On Friday, the U.S. Court of Appeals for the Third Circuit found that there was sufficient evidence to support defendant James Garner’s conviction on charges of conspiracy to commit bank robbery, attempted bank robbery, possession of a firearm in furtherance of a crime of violence, and aiding and abetting.

Garner’s attorney, Kenneth C. Edelin, did not respond to a request for comment.

While Garner, also known as Abd al-Rahman, was convicted on every count, his partner, Reuben Marshall, was exonerated. Marshall, however, did not face an attempted robbery charge.

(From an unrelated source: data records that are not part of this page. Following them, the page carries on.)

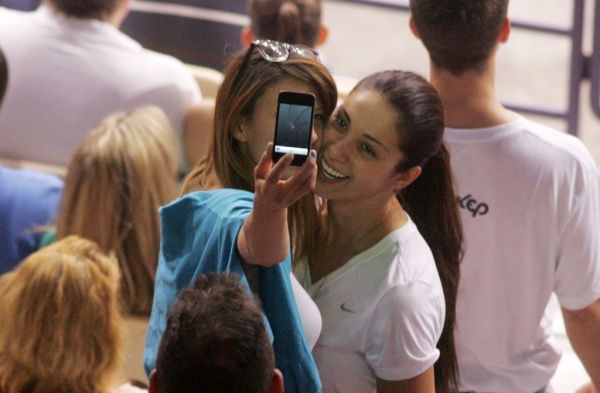 Smile… ποιες κυρίες αυτοφωτογραφίζονται;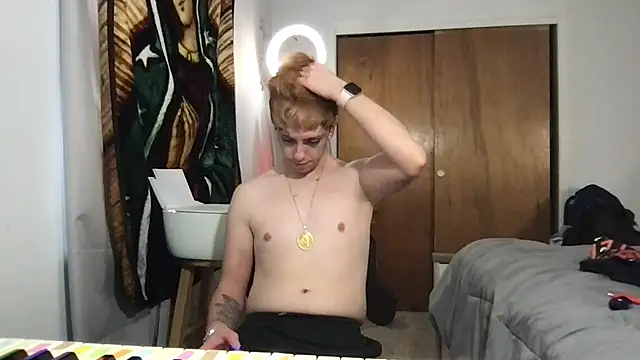 Snapshot of twentywithafelonyy chatting on December 2024 09:37:01 PM twentywithafelonyy online show from December 2024 09:37:01 PM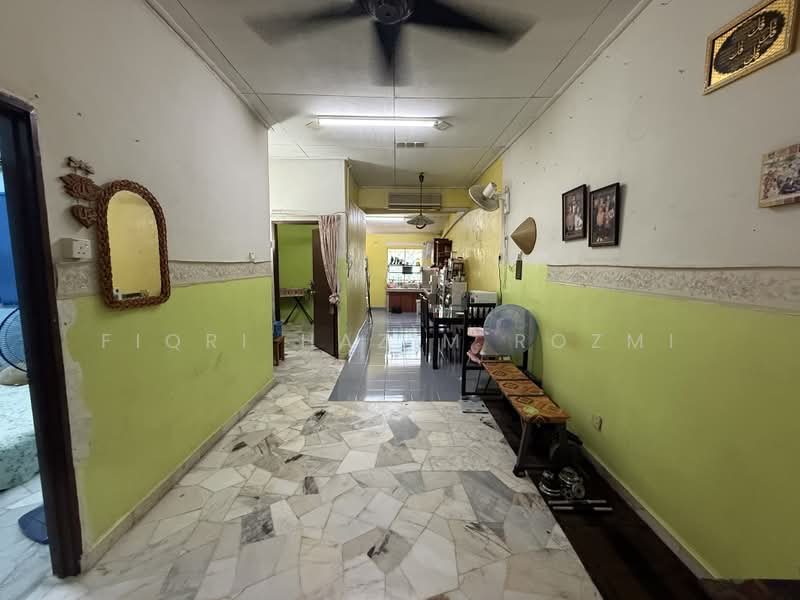 Rumah Teres 1 Tingkat untuk Dijual di Taman Cheras Jaya (Cheras) - Fiqri Hazim Rozmi - Corridor - PropertyGuru.com.my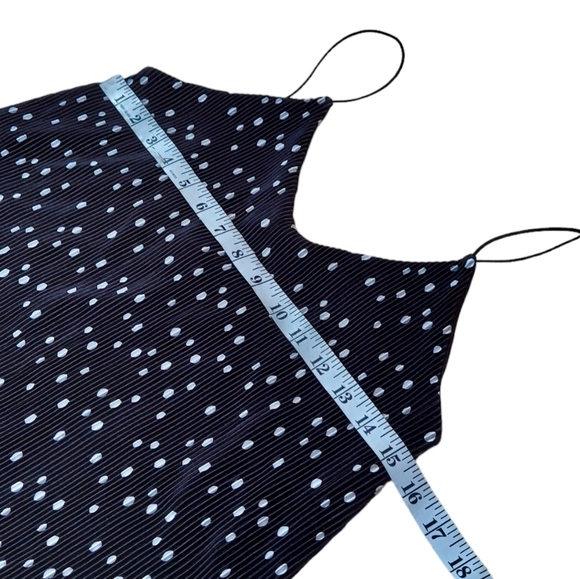 Papermoon Flared Tank Top Womens Size Medium Black Pleated New Stretch - Picture 4 of 12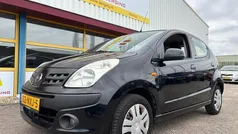 Zwart Gebruikt 2010 Nissan Pixo Acenta Hatchback | € 2.299 (Super prijs)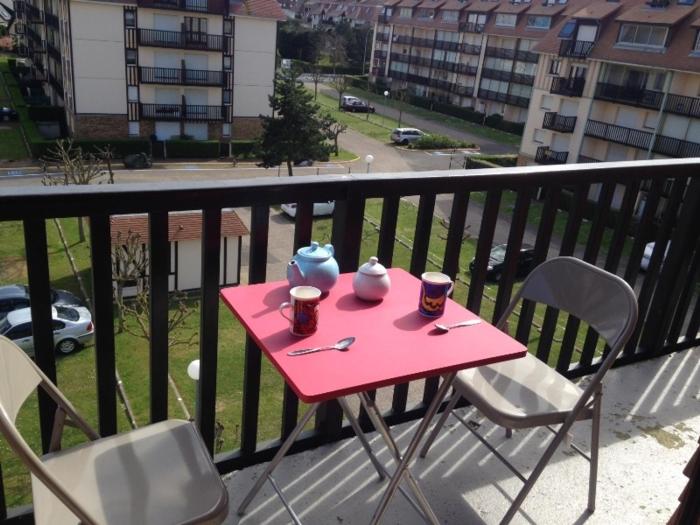 Appartement 2 Pièces avec Balcon et Parking à 50 m de la Plage - FR-1-712-15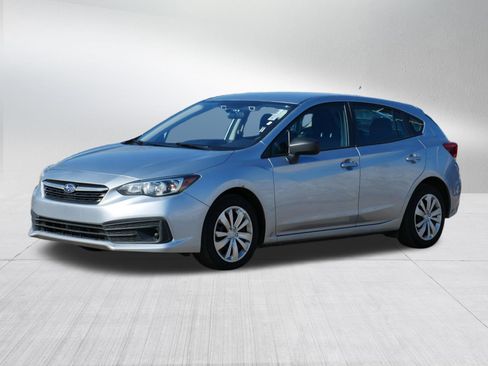 Used 2022 Subaru Impreza 2.0i image 3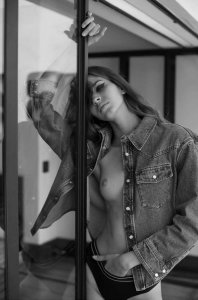 Laissa Medeiros Topless 6 thefappeningblog.com.jpg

Garner argued on appeal that the evidence at trial was insufficient to establish either conspiracy or an attempt to commit armed bank robbery, and that the firearm charge would be negated as a result, according to Judge Thomas Ambro’s opinion.

Garner’s primary argument was that the witness who testified against him was not credible; he also offered an alternate interpretation of the evidence against him at trial. However, the Third Circuit was not convinced.

Ambro said the evidence must be viewed in the light most favorable to the prosecution, and recounted the events leading up to Garner’s arrest:

“On February 6, 2015, Garner approached a man called Saber Saber after prayers concluded at their mosque with a ‘business opportunity’” to be his getaway driver for a robbery of Apex Bank. Garner went back inside the mosque to give Saber time to consider the offer. The latter immediately went to his car and called FBI Special Agent Joshua Reed, for whom he acted as an informant. The call went to voicemail, so Saber placed his phone in the cupholder, hoping to capture his conversation with Garner on Agent Reed’s voicemail.”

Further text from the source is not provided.